Vinnie’s never been a patient man. “We’re still waiting, Sy. What’s the time-cause-effect thing got to do with black holes and information?”
“You’ve got most of the pieces, Vinnie. Put ’em together yourself.”
“Geez, I gotta think? Lessee, what do I know about black holes? Way down inside there’s a huge mass in a teeny singularity space. Gravity’s so intense that relativity theory and quantum mechanics both give up. That can’t be it. Maybe the disk and jets? No, ’cause some holes don’t have them, I think. Gotta be the Event Horizon which is where stuff can’t get out from. How’m I doing, Sy?”
“You’re on the right track. Keep going.”
“Okay, so we just talked about how mass scrambles spacetime, tilts the time axis down to point towards where mass is so axes stop being perpendicular and if you’re near a mass then time moves you even closer to it unless you push away and that’s how gravity works. That’s part of it, right?”
“As rain. So mass and gravity affect time, then what?”
“Ah, Einstein said that cause‑and‑effect runs parallel with time ’cause you can’t have an effect before what caused it. You’re saying that if gravity tilts time, it’ll tilt cause‑and‑effect?”
“So far as we know.”
“That’s a little weasel-ish.”
“Can’t help it. The time‑directed flow of causality is a basic assumption looking for counter‑examples. No‑one’s come up with a good one, though there’s a huge literature of dubious testimonials. Something called a ‘closed timelike curve‘ shows up in some solutions to Einstein’s equations for extreme conditions like near or inside a black hole. Not a practical concern at our present stage of technology — black holes are out of reach and the solutions depend on weird things like matter with negative mass. So anyhow, what happens to causality where gravity tilts time?”

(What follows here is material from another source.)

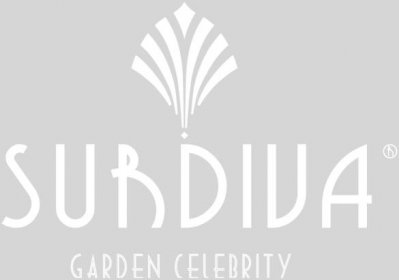 Surdiva® logo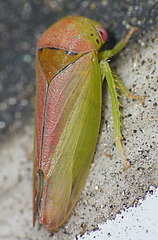 Trocnada minuta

“I see where you’re going. If time’s tilted toward the singularity inside a black hole, than so is cause‑and‑effect. Nothing in there can cause something to happen outside. Hey, bring up that OVR graphics app on Old Reliable, I’ll draw you a picture.”
“Sure.”

“See, way out in space here this circle’s a frame where time, that’s the red line, is perpendicular to the space dimensions, that’s the black line, but it’s way out in space so there’s no gravity and the black line ain’t pointing anywhere in particular. Red line goes from cause in the middle to effect out beyond somewhere. Then inside the black hole here’s a second frame. Its black line is pointing to where the mass is and time is tilted that way too and nothing’s getting away from there.”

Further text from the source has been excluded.